$$\rightleftharpoonup{xx}$$
$$\longleftharp{xx}$$,
$$\longrightharp{xx}$$,
Zapotrzebowanie na przeciwciała, które spełniają potrzeby zarówno badań podstawowych, jak i klinicznych, jest wysokie i w przyszłości znacznie wzrośnie. Oczywiste jest jednak, że tradycyjne technologie monoklonalne nie są osamotnione w tym zadaniu. Doprowadziło to do opracowania alternatywnych metod w celu zaspokojenia zapotrzebowania na wysokiej jakości i odnawialne odczynniki o powinowactwie do wszystkich dostępnych elementów proteomu. W tym celu opracowano wysokoprzepustowe metody przeprowadzania selekcji z bibliotek przeciwciał syntetycznych wyświetlanych przez fagi do zastosowań obejmujących różne antygeny i zoptymalizowane pod kątem szybkiej przepustowości i sukcesu. W niniejszym dokumencie szczegółowo opisano protokół, który ilustruje za pomocą demonstracji wideo równoległą selekcję klonów Fab-phage z bibliotek o wysokiej różnorodności w stosunku do setek celów przy użyciu ręcznego 96-kanałowego urządzenia do obsługi cieczy lub zautomatyzowanego systemu robotyki. Korzystając z tego protokołu, pojedynczy użytkownik może wygenerować setki antygenów, równolegle wybrać przeciwciała przeciwko nim i zweryfikować wiązanie przeciwciał w ciągu 6-8 tygodni.

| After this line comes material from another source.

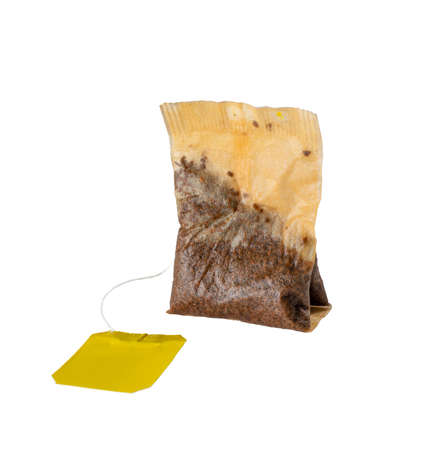 Used wet teabag isolated on white background closeup. Macro shot of old tea bag with blank paper labelの写真素材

Zwrócono uwagę na: i) realny format antygenu, ii) charakterystykę antygenu przed selekcją, iii) krytyczne etapy, które wpływają na selekcję klonów specyficznych i o wysokim powinowactwie, oraz iv) sposoby monitorowania skuteczności selekcji i charakterystyki klonów przeciwciał we wczesnym stadium. Dzięki takiemu podejściu uzyskaliśmy syntetyczne fragmenty przeciwciał (Fabs) dla wielu klas docelowych, w tym jednoprzebiegowych receptorów błonowych, wydzielanych hormonów białkowych i wielodomenowych białek wewnątrzkomórkowych. Fragmenty te są łatwo przekształcane w przeciwciała o pełnej długości i zostały zweryfikowane pod kątem wysokiego powinowactwa i swoistości. Ponadto wykazano, że są one funkcjonalne w różnych standardowych testach immunologicznych, w tym Western blot, ELISA, immunofluorescencji komórkowej, immunoprecypitacji i powiązanych testach. Metodologia ta przyspieszy odkrywanie przeciwciał i ostatecznie przybliży nas do realizacji celu, jakim jest generowanie odnawialnych, wysokiej jakości przeciwciał przeciwko proteomowi.